- _Exercise brief_
Starting at the line that contains "Chữ Kitty Gram" and stopping at the line that contains "SIDE WRITTING ONE", restate each line of the records below exactly. Omit the pictures.
*** Opening of Provided entries ***
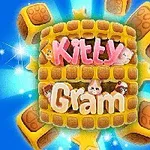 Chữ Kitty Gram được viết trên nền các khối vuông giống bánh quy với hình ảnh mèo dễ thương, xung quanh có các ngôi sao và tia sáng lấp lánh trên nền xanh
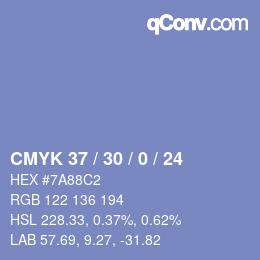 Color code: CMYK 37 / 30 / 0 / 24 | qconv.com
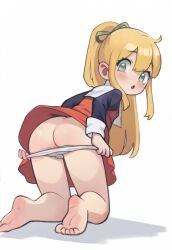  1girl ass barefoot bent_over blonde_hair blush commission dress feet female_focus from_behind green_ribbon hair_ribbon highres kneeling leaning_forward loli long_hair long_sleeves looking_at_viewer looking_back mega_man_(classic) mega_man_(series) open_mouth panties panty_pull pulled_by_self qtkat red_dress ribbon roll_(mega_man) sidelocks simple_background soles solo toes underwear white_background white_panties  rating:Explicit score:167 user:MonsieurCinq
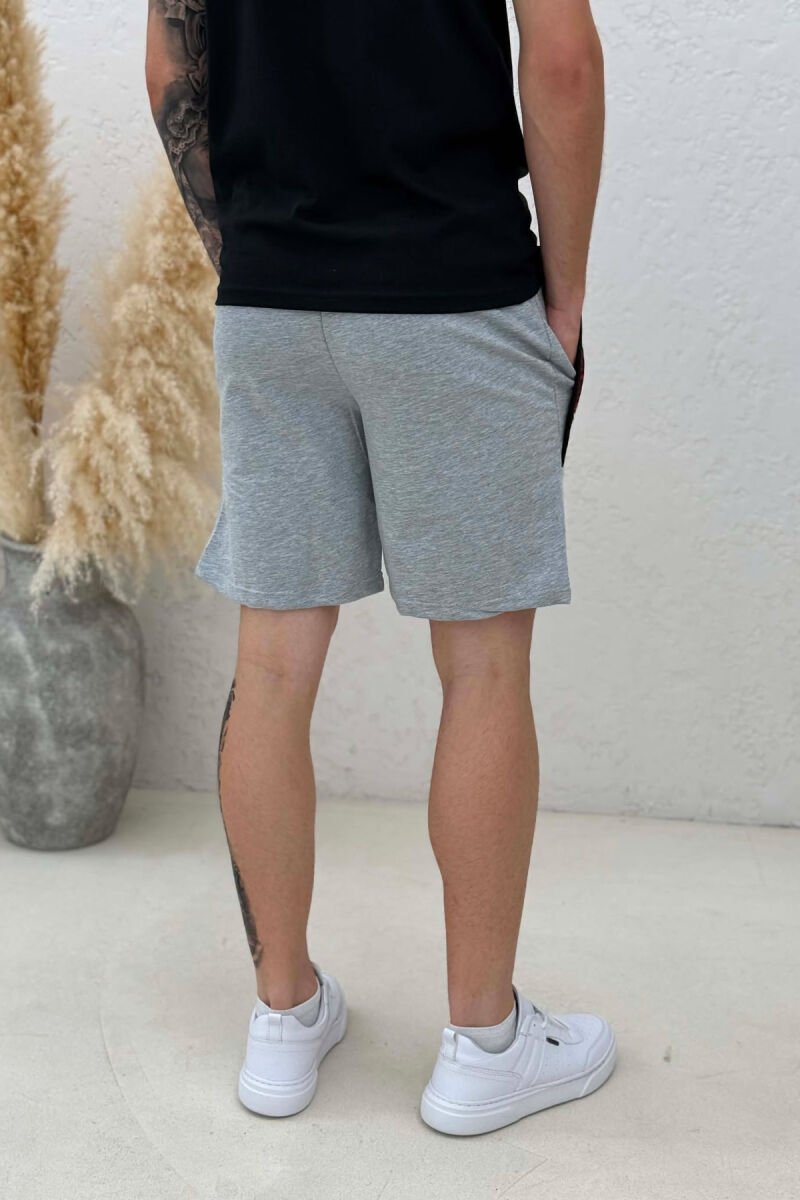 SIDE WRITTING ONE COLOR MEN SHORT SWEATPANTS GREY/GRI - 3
*** Close of Provided entries ***
*** Opening of Provided entries ***
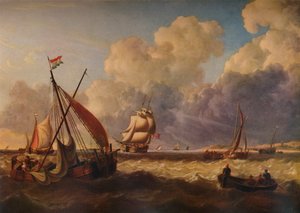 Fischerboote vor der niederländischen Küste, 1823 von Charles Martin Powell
*** Close of Provided entries ***
*** Opening of Provided entries ***
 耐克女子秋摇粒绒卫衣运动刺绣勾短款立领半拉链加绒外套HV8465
*** Close of Provided entries ***
- _Written answer_
 Chữ Kitty Gram được viết trên nền các khối vuông giống bánh quy với hình ảnh mèo dễ thương, xung quanh có các ngôi sao và tia sáng lấp lánh trên nền xanh
 Color code: CMYK 37 / 30 / 0 / 24 | qconv.com
  1girl ass barefoot bent_over blonde_hair blush commission dress feet female_focus from_behind green_ribbon hair_ribbon highres kneeling leaning_forward loli long_hair long_sleeves looking_at_viewer looking_back mega_man_(classic) mega_man_(series) open_mouth panties panty_pull pulled_by_self qtkat red_dress ribbon roll_(mega_man) sidelocks simple_background soles solo toes underwear white_background white_panties  rating:Explicit score:167 user:MonsieurCinq
 SIDE WRITTING ONE COLOR MEN SHORT SWEATPANTS GREY/GRI - 3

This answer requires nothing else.